Three crates in a Cargo workspace:

Crate	Purpose	Dependencies
`openpawz-core`	Pure business logic — sessions, memory, audit, crypto, providers	rusqlite, aes-gcm, keyring, reqwest
`openpawz`	Tauri desktop app — GUI frontend	openpawz-core + tauri
`openpawz-cli`	Terminal binary — clap interface	openpawz-core + clap

The CLI and desktop app compile the exact same engine code. Not a reimplementation. Not an API wrapper. The same Rust functions, the same SQLite database, the same cryptographic stack.

What this means in practice

Shared state, zero sync

The CLI and desktop app read and write the same SQLite database:

Platform	Data directory
macOS	`~/Library/Application Support/com.openpawz.app/`
Linux	`~/.local/share/com.openpawz.app/`
Windows	`%APPDATA%\com.openpawz.app\`

Create an agent from the CLI. It appears in the desktop app instantly. Delete a session from the GUI. The CLI sees it's gone. No sync protocol, no eventual consistency, no conflicts — one database, two access paths.

Zero network overhead

The CLI calls Rust functions directly — store.list_sessions(), store.store_memory(), store.list_all_agents(). No HTTP server to start. No port to bind. No JSON serialization round-trip between client and server.
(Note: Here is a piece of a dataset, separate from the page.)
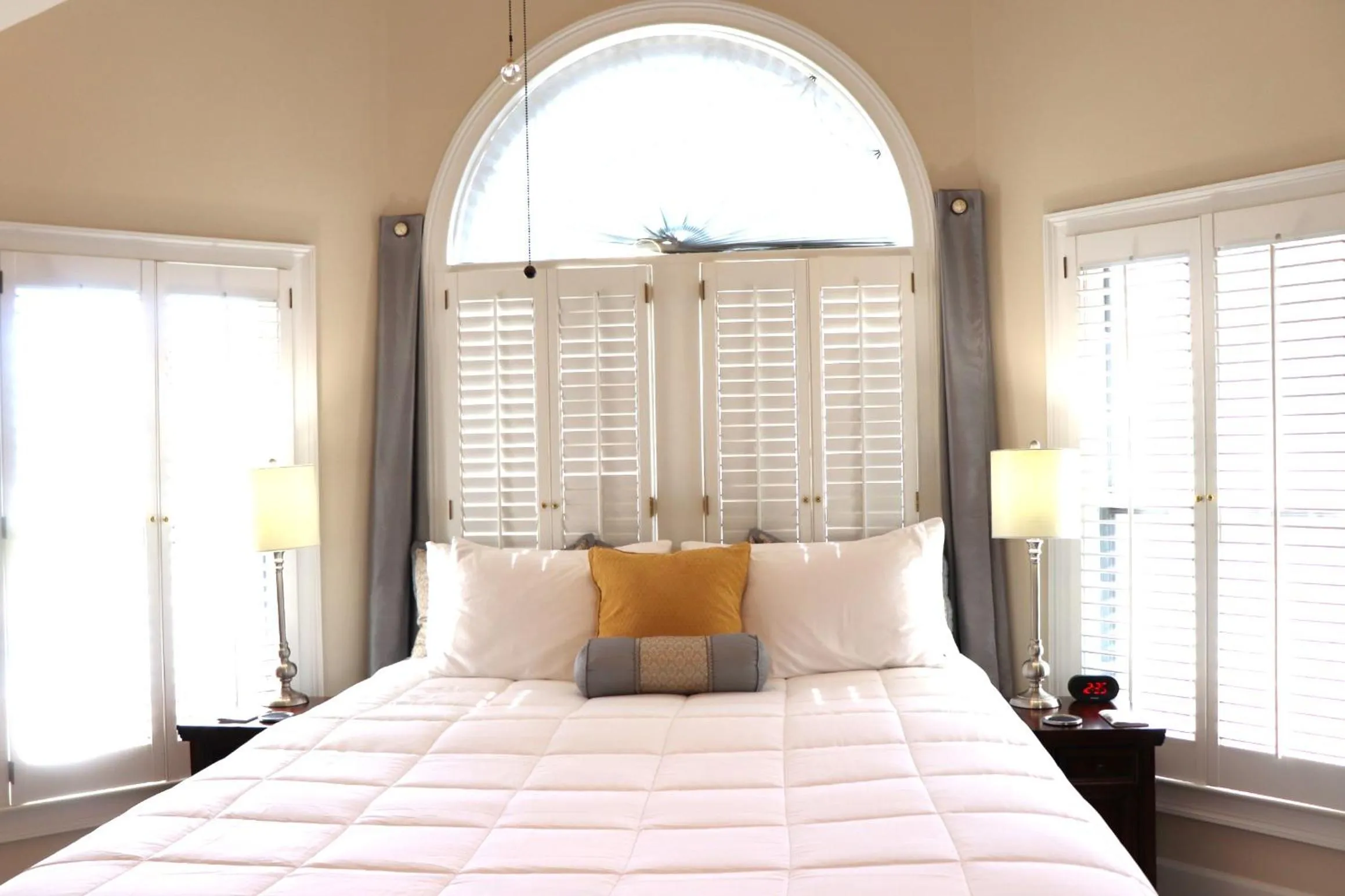 Bed in Pleasanton Courtyard Bed and Breakfast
# This calls openpawz-core directly — no server needed
openpawz session list

Compare that to every other platform's CLI, which does:

CLI → HTTP request → Server → Database → Response → JSON parse → Display

OpenPawz:

CLI → Database → Display

Same security guarantees

The CLI inherits the full cryptographic stack from openpawz-core:

AES-256-GCM encryption for sensitive data
OS keychain integration (macOS Keychain, Linux Secret Service, Windows Credential Manager) via the key vault
HKDF-SHA256 key derivation
Zeroizing memory — keys are wiped on drop
HMAC-SHA256 chained audit log — every operation is tamper-evident
PII auto-detection — 17 regex patterns catch sensitive data before it leaves the system
OS CSPRNG via getrandom — no userspace RNG, ever

When you run openpawz setup and enter an API key, it's stored in your OS keychain with the same protection as the desktop app. Not in a dotfile. Not in plaintext. The same vault.

Six commands, full coverage

The CLI covers the operations that matter for daily use and scripting:

`setup` — Interactive provider configuration

openpawz setup

Walks you through choosing a provider (Anthropic, OpenAI, Google, Ollama, OpenRouter), entering credentials, and writing the engine config. Ollama requires no API key — it detects local models automatically.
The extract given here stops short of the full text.